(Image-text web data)
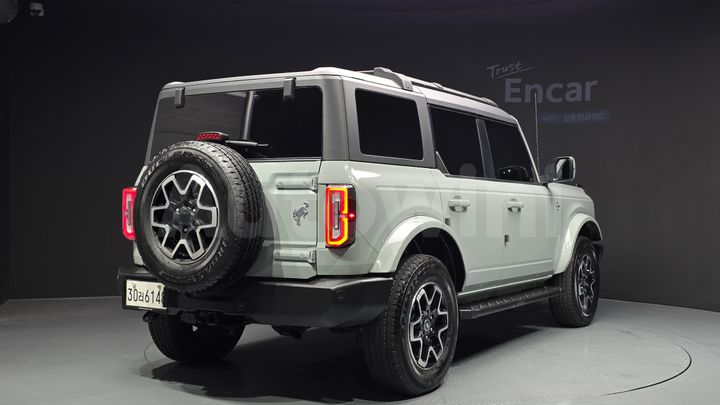 Ford Bronco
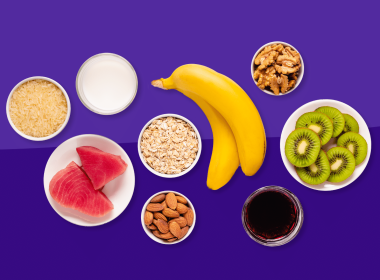 Nutrition for Better Sleep: What to Eat for Restful Nights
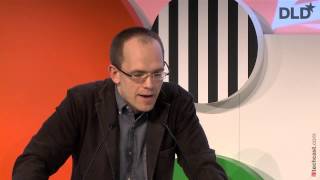 Against Solutionism Evgeny Morozov Stanford University  DLD14 [upl. by Anirak]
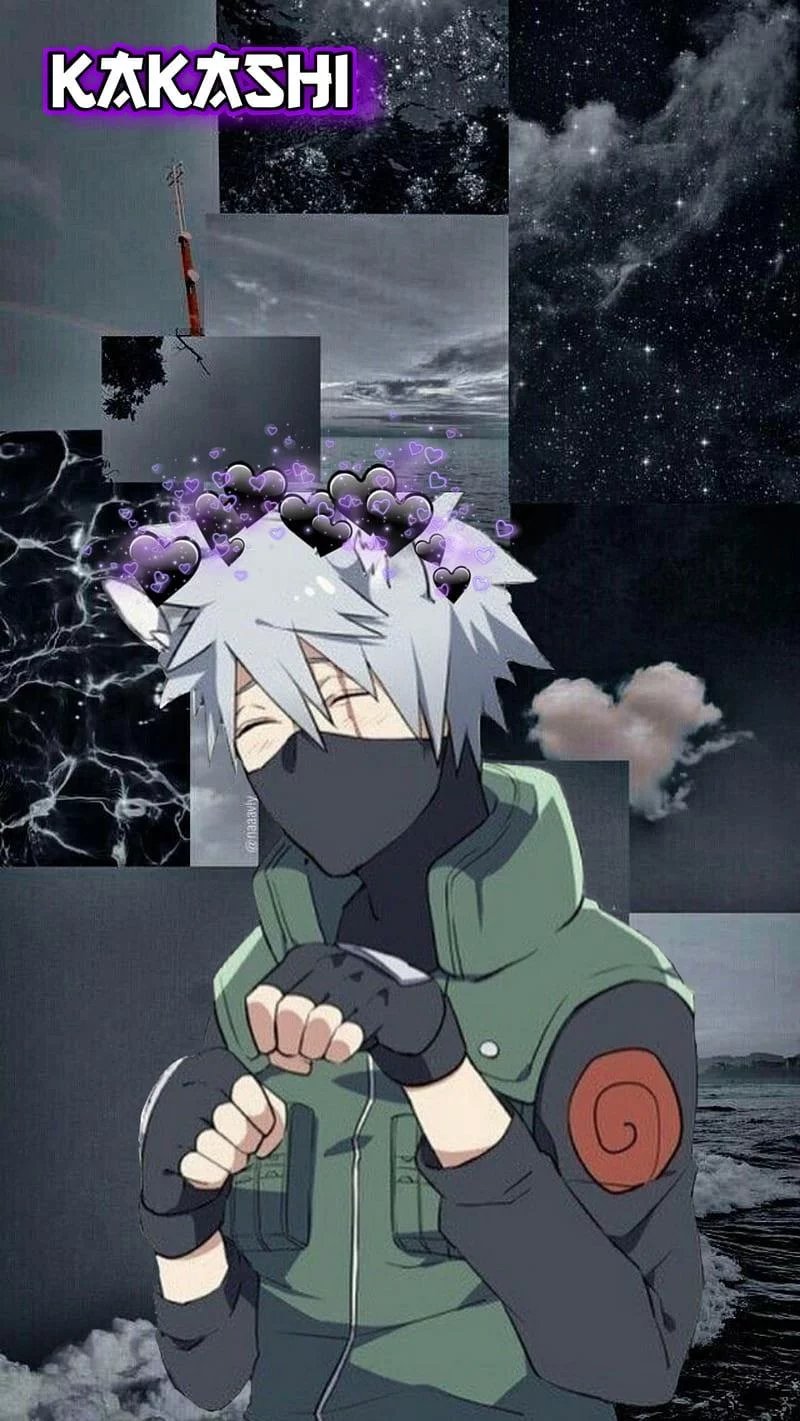 Free Download Aesthetic Naruto Wallpapers Kakashi Page 80471 (800 x 1421)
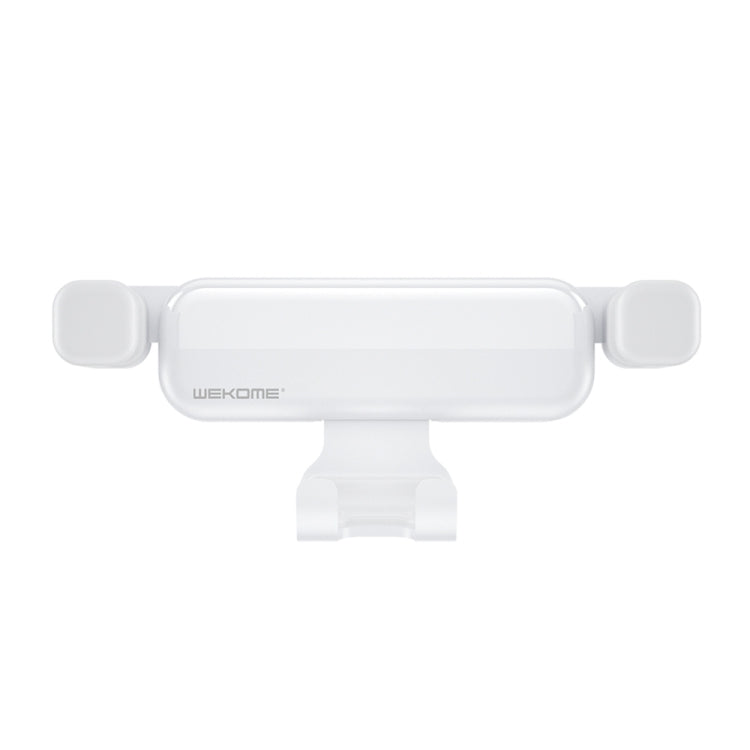 WK WA-S41 iDeal Series Car Gravity Bracket Car Air Outlet FoldingMobile Phone Holder Bracket, WA-S41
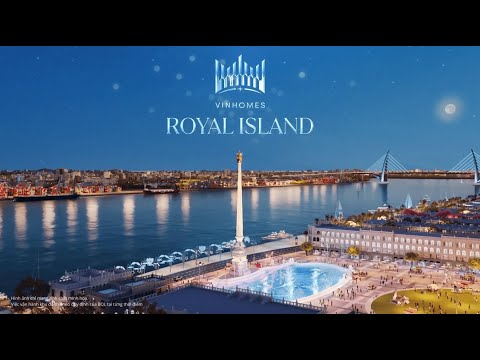 Vinhome Royal Island tại Đảo Vũ Yên Hải Phòng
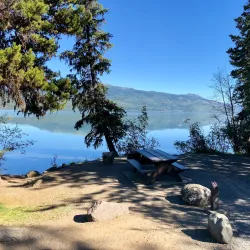 Kinaskan Lake Provincial Park - Dease Lake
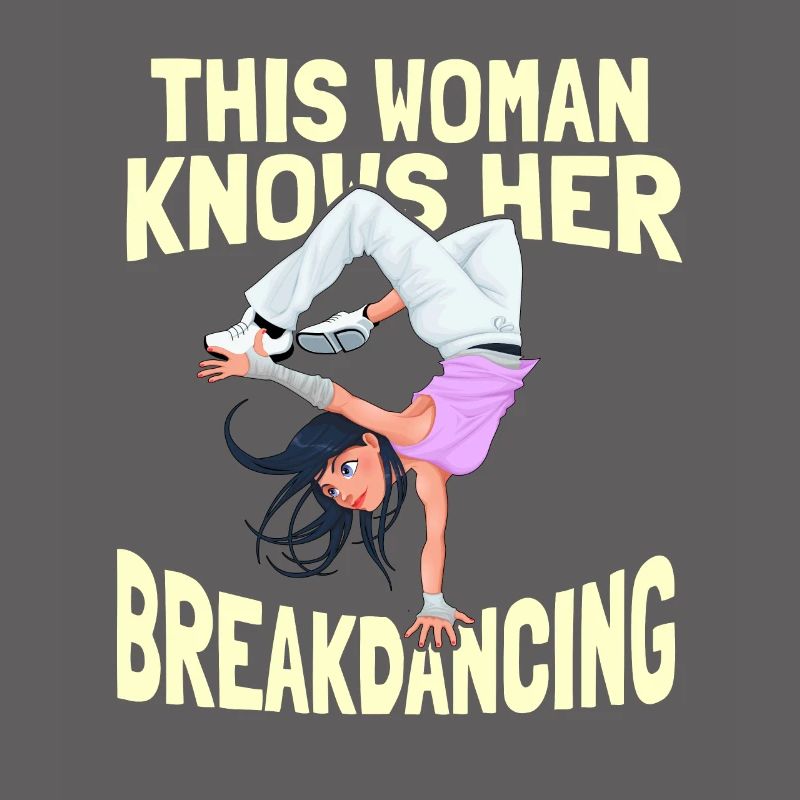 Breakdance Breakdancer Breakdancing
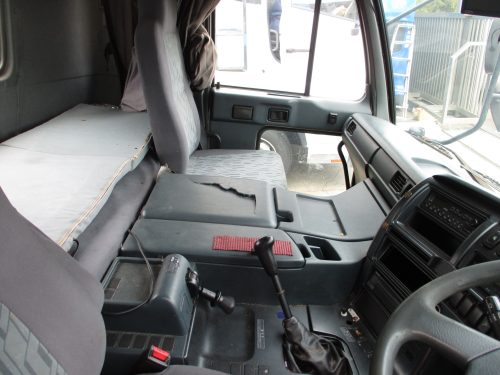 キャビン ビッグサム KL-CV27E マニュアル G101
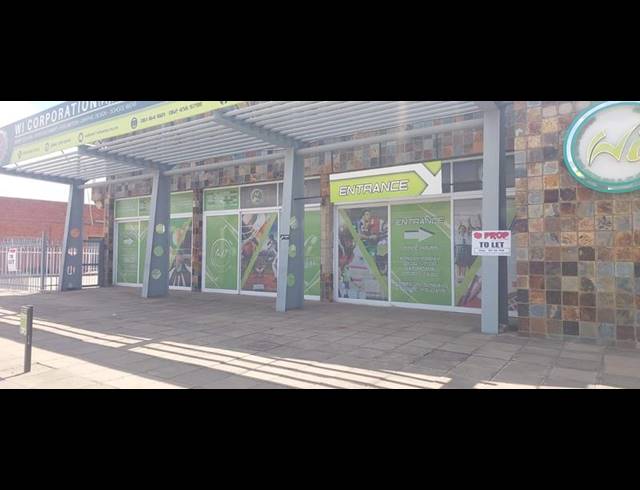 BUSINESS PROPERTY TO RENT IN BRITS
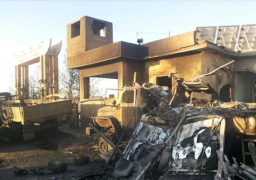 “العشري”: عمليات عسكرية وشرطية واسعة بالفرافرة للتوصل للجناة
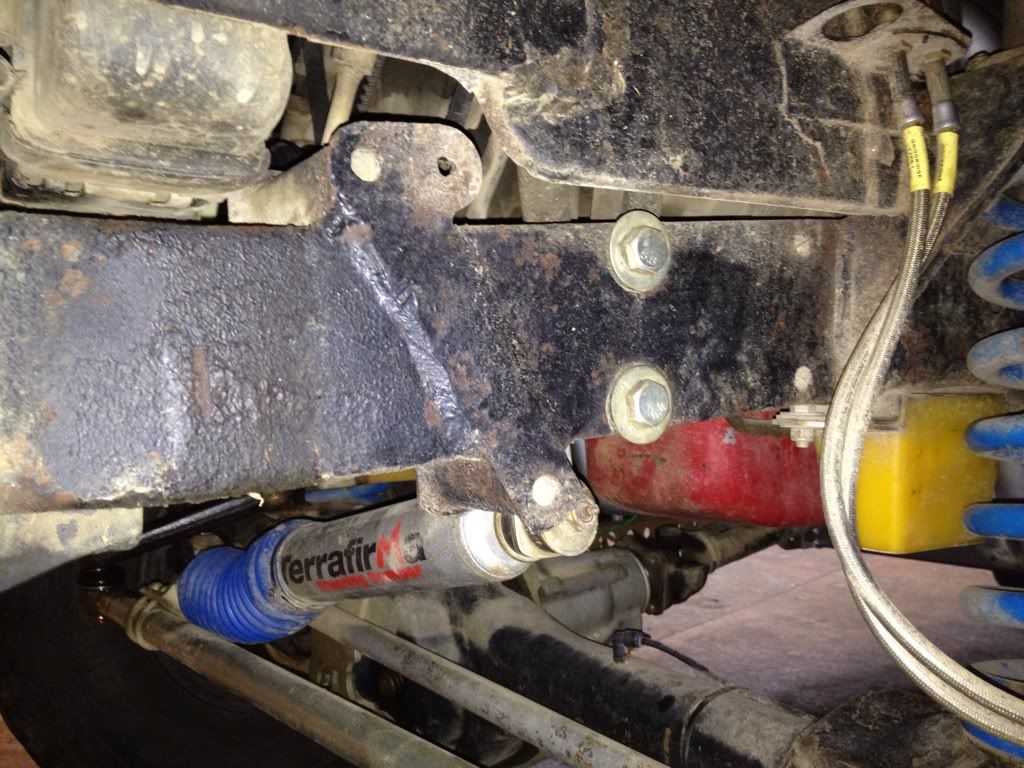 Steering not centering anymore. LandyZone Land Rover Forum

AIM OF THE EXERCISE
Please transcribe exactly the part of the records that opens with the line containing "Vinhome Royal Island" and closes with the line containing "بالفرافرة للتوصل للجناة", both ends included, and leave out the pictures.

WRITTEN RESPONSE
 Vinhome Royal Island tại Đảo Vũ Yên Hải Phòng
 Kinaskan Lake Provincial Park - Dease Lake
 Breakdance Breakdancer Breakdancing
 キャビン ビッグサム KL-CV27E マニュアル G101
 BUSINESS PROPERTY TO RENT IN BRITS
 “العشري”: عمليات عسكرية وشرطية واسعة بالفرافرة للتوصل للجناة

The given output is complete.